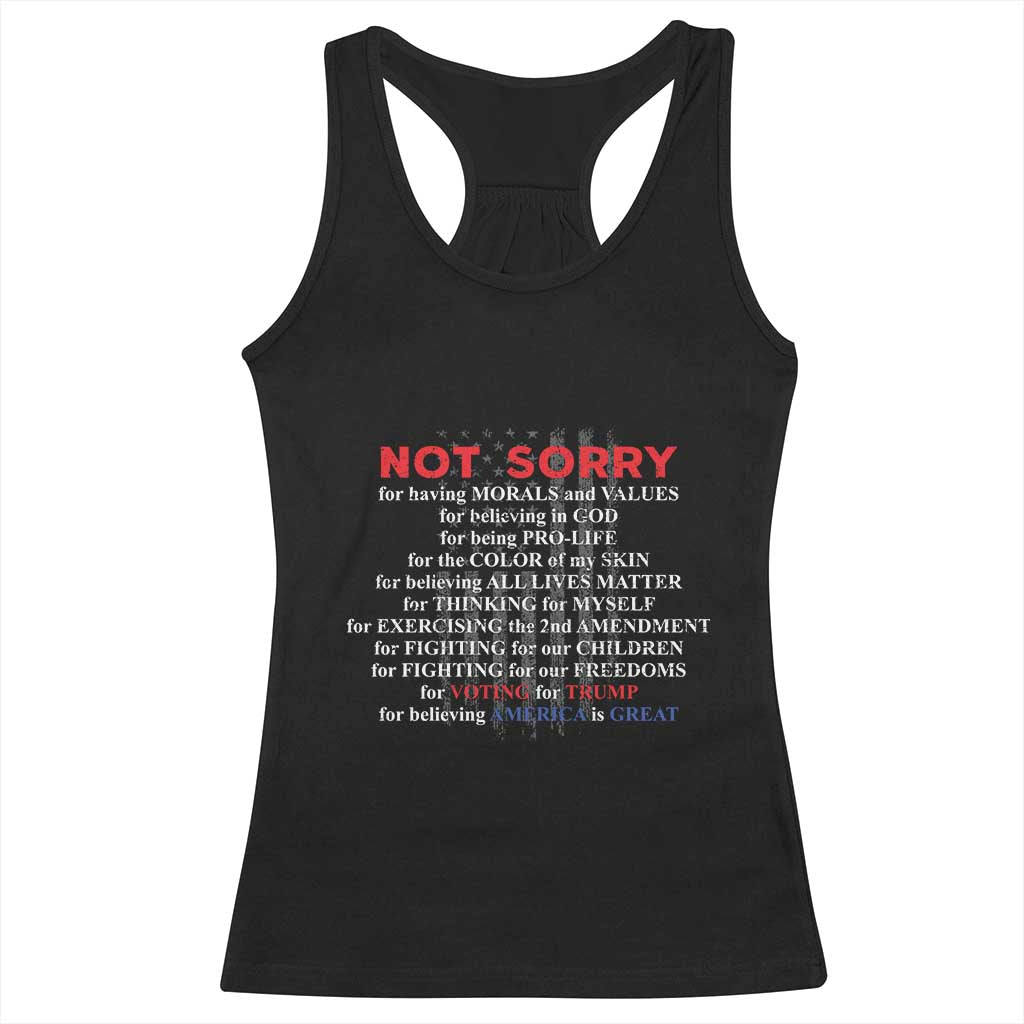 Not Sorry For Voting For Trump Believing America Is Great Racerback Tank Top Trump Supporter TS09 Black Print Your Wear
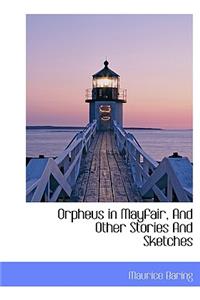Orpheus in Mayfair, and Other Stories and Sketches
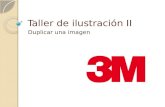 Taller de ilustración II Duplicar una imagen. Logo vectorizado.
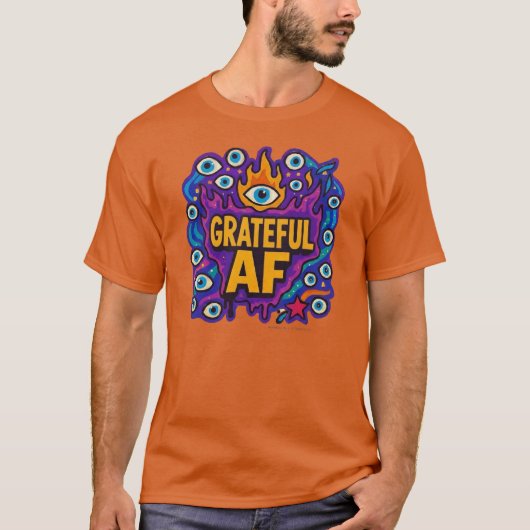 Grateful AF - T-Shirt (Voorkant)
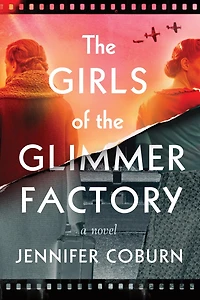 The Girls of the Glimmer Factory: A Novel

--- --- ---

**Problem details**
Counting the line with "Grateful AF - T-Shirt (Voorkant)" and the last line of the data above, transcribe those two lines and every line between them exactly, without the pictures.

**Task result**
 Grateful AF - T-Shirt (Voorkant)
 The Girls of the Glimmer Factory: A Novel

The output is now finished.